Презрительную усмешку зла. Радость коварства. Красноватый такой огонек в зрачках.
Показаниям аптекаря дан был ход. Гонзага-старший лично допросил сына. Винченцо не отпирался: ну да, заколол, пришлось. Он толкнул моего спутника, тот его обругал, завязалась драка. Двое на двое, между прочим: с Крайтоном был слуга. Куда девались трупы? без понятия. Аптекарь – вероятно, бредит, будучи наркоманом. Вообще – сколько шума из-за какого-то бродяги-варвара.
И шум прекратился. Все случилось в 1582-м.
(Таком удачном для юного Уильяма Шекспира: от него забеременела и за него вышла замуж Энн Хэтэуэй, старше его лет на семь или восемь, но зато помещичья дочка и не без средств. Вполне возможно, что это был брак по взаимной страсти. Откуда нам знать, и нас не касается, – но в этом случае поздравляем особенно горячо.)

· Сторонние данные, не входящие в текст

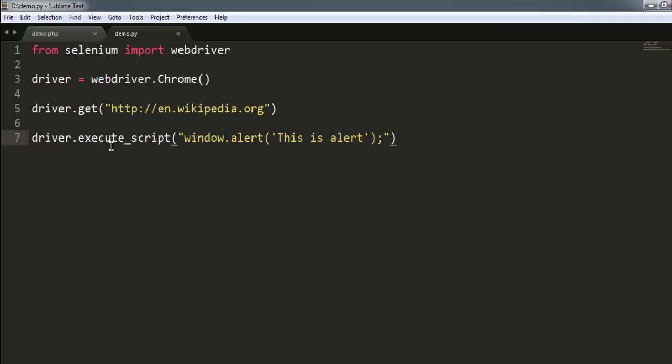So whenever you have something to show with the help of alert or confirmation window, then you use execute underscore script to send that alert confirmation message on your browser. You can pause the video and write down the code to see how to execute JavaScript alert on browser with the help of Selenium Python webdriver.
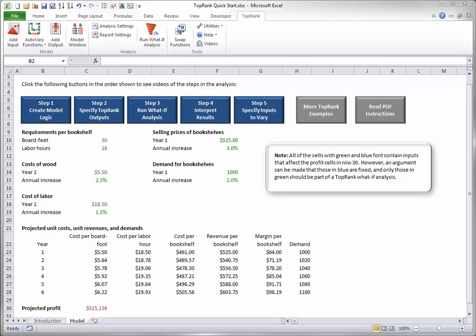Step 3. Run the What-If Analysis. As Step 5 will show, TopRank provides a lot of flexibility on which inputs are varied in a What-If Analysis. But it also provides a very quick and easy way to run a What-If Analysis as illustrated in this step.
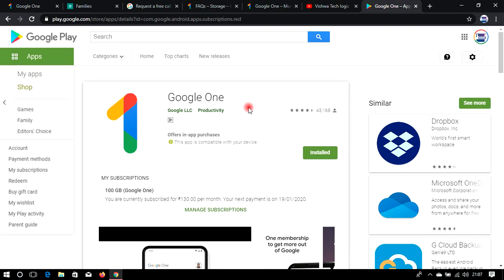Thank you for watching this video, friends. If you have any doubts related to the app or the web browser version of Google One membership, you can comment down below and I will surely reply to you. Thank you for watching.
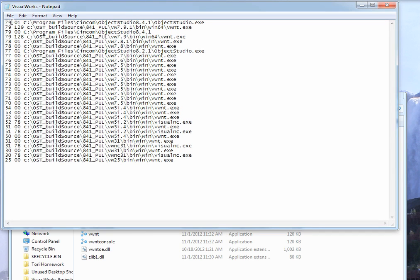Over here is the signature. So this is the VisualWorks version that is associated with your Object Studio version. So 7.9.1, 7.9, 7.8, 0.1, 7.8, and so on. And you just line those up with the version of VisualWorks and Object Studio.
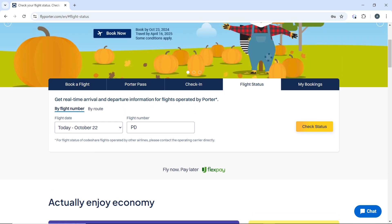Now you have two options to check your flight status. Number one: by flight number — enter the specific flight number for the Potter Airlines flight you want to check, and the next thing is the flight date.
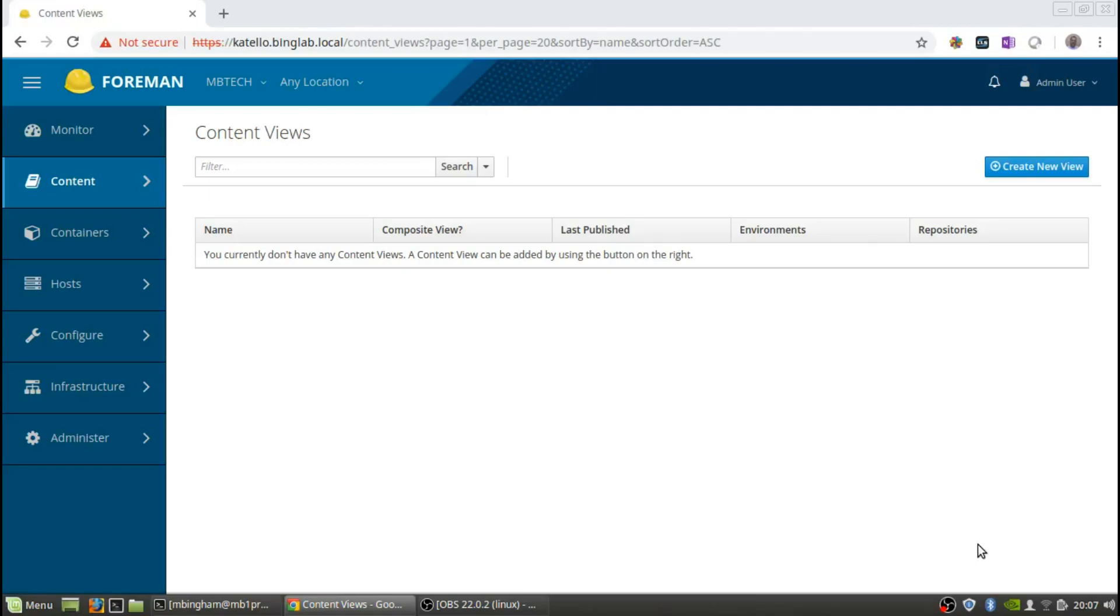Hello and welcome to MB Tech. My name is Matt Bingham and this time we will be talking about creating a content view for Catello. There are previous videos - part one shows you how to do the repositories and create that part, and the initial one was the basic install of Catello itself.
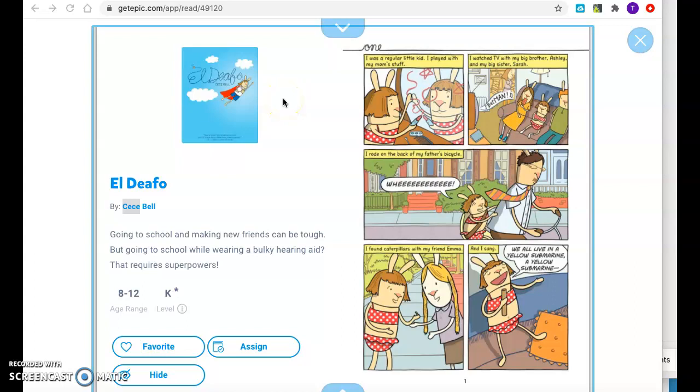Hi everyone, it's the first day of our new read-aloud book called El Defo by C.C. Bell. This is a book about going to school and making new friends, which can be tough, but going to a school while wearing a bulky hearing aid, that requires superpowers.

В «Образах Италии» (книге вообще-то чудесной) П. П. Муратов рокочет (или грассирует) про этот сюжет: «одна из самых странных историй барокко». Что странного-то? Что был человек – и сгинул? Или что заколотый не умер на месте (как и Меркуцио, между прочим), а докуда-то доплелся, проговорил несколько слов и кем-то был услышан? Странен – я отчасти согласен – героический аптекарь. Был ли он злостный диссидент, пытавшийся дестабилизировать мантуанский режим? Или ему заплатила какая-нибудь вражеская (допустим, веронская) разведка? После той карнавальной ночи он в Мантуе, безусловно, был не жилец. Но успел ли вернуться на базу?
П. П. про аптекаря – ни слова. Брокгауз и Ефрон – тоже. Признают: есть такой слух, что к гибели Крайтона приложил (в буквальном смысле) руку Винченцо Гонзага, – «но рассказ об этом, как и вся биография К., представляет много темного; по некоторым данным, в 1585 г. он был еще жив».
«Википедия» обвиняет Винченцо без колебаний (извещает, между прочим, что напали на Крайтона не втроем, а вшестером – и прикончил он, соответственно, пятерых, – и «хотел было уже прикончить и шестого, как обнаружил, что его противником был молодой ученик, Винченцо. От удивления он опустил свою шпагу, и Винченцо нанес ему удар прямо в сердце»), – но позвольте: откуда она знает, если никто не рассказал?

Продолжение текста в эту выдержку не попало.